The effect of heterozygote advantage (h > 1 for γ > 0, or h < 0 for γ < 0) on McDonald-Kreitman data deserves special attention. Heterozygote advantage is a special case of balancing selection, and its effect on polymorphism and divergence approximates the effect of several other types of balancing selection (Wright and Dobzhansky 1948; Denniston and Crow 1990; Takahata and Nei 1990). One might expect that balancing selection should cause an increase in the ratio of nonsynonymous polymorphism to divergence because balancing selection actively maintains polymorphisms. In our results from the case of heterozygote advantage, we have assumed the best-case scenario for detecting balancing selection: every new mutation is independent and subject to heterozygote advantage, yet we see that the ratio of polymorphism to divergence is actually sometimes less than the neutral standard. This occurs when the derived homozygote is more fit than the ancestral homozygote and the degree of heterozygote advantage is fairly weak (h = 1.3, γ > 0 in Figure 9). As the strength of heterozygote advantage increases (i.e., γ and h increase) and allele frequencies are more tightly maintained at intermediate frequencies, this trend reverses because the level of polymorphism increases faster than the fixation rate (h = 2, γ > 6 in Figure 9). However, we submit that McDonald-Kreitman tables provide information regarding balancing selection that is ambiguous at best—if heterozygote advantage is weak or moderate, then significant results could be interpreted as positive directional selection rather than balancing selection.

DISCUSSION

Dominance plays a very important role in a number of evolutionary phenomena at the heart of population genetics. For instance, a central controversy in evolutionary genetics has been the dispute over whether a balance between deleterious mutations and purifying selection can account for the bulk of genetic variation in fitness-related traits (e.g., Lewontin 1974). Alternative explanations suggest that selection actively maintains genetic variation via frequency-dependent selection, variation in selection intensity over time and space, heterozygote advantage, or other higher-order processes. Theoretical models of deleterious mutation/purifying selection balance depend primarily on the deleterious mutation rate and the product of the selection and dominance parameters (e.g., Charlesworth and Hughes 2000). Therefore, assessing the validity of the deleterious mutation hypothesis will require characterizing both selection and dominance at the level of the entire genome.

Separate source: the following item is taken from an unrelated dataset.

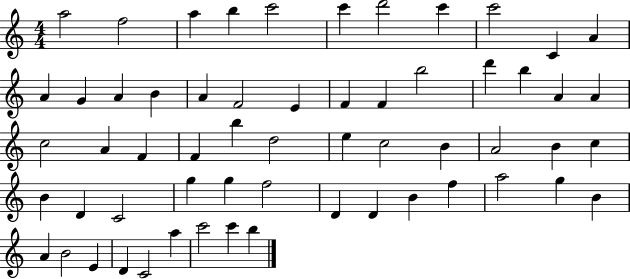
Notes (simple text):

A5/h F5/h A5/q B5/q C6/h C6/q D6/h C6/q C6/h C4/q A4/q A4/q G4/q A4/q B4/q A4/q F4/h E4/q F4/q F4/q B5/h D6/q B5/q A4/q A4/q C5/h A4/q F4/q F4/q B5/q D5/h E5/q C5/h B4/q A4/h B4/q C5/q B4/q D4/q C4/h G5/q G5/q F5/h D4/q D4/q B4/q F5/q A5/h G5/q B4/q A4/q B4/h E4/q D4/q C4/h A5/q C6/h C6/q B5/q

In the fields of molecular population genetics and molecular evolution, there has been a growing consensus that weak negative selection plays an important role in evolution (e.g., Ohta 1992). Virtually all of the arguments in support of this finding are based on the assumption of genic selection. However, if moderately or strongly deleterious mutations tend to be recessive, they could “appear” to be weakly selected on the basis of their frequency profile. For instance, we have shown that nongenic selection can strongly bias estimates of the selection parameter that are based on the site-frequency spectrum. To address whether the apparent signal of weak purifying selection is actually due to more deleterious, but recessive, mutations, it will be necessary to quantify both selection and dominance parameters. The analyses presented here are a first step toward that goal.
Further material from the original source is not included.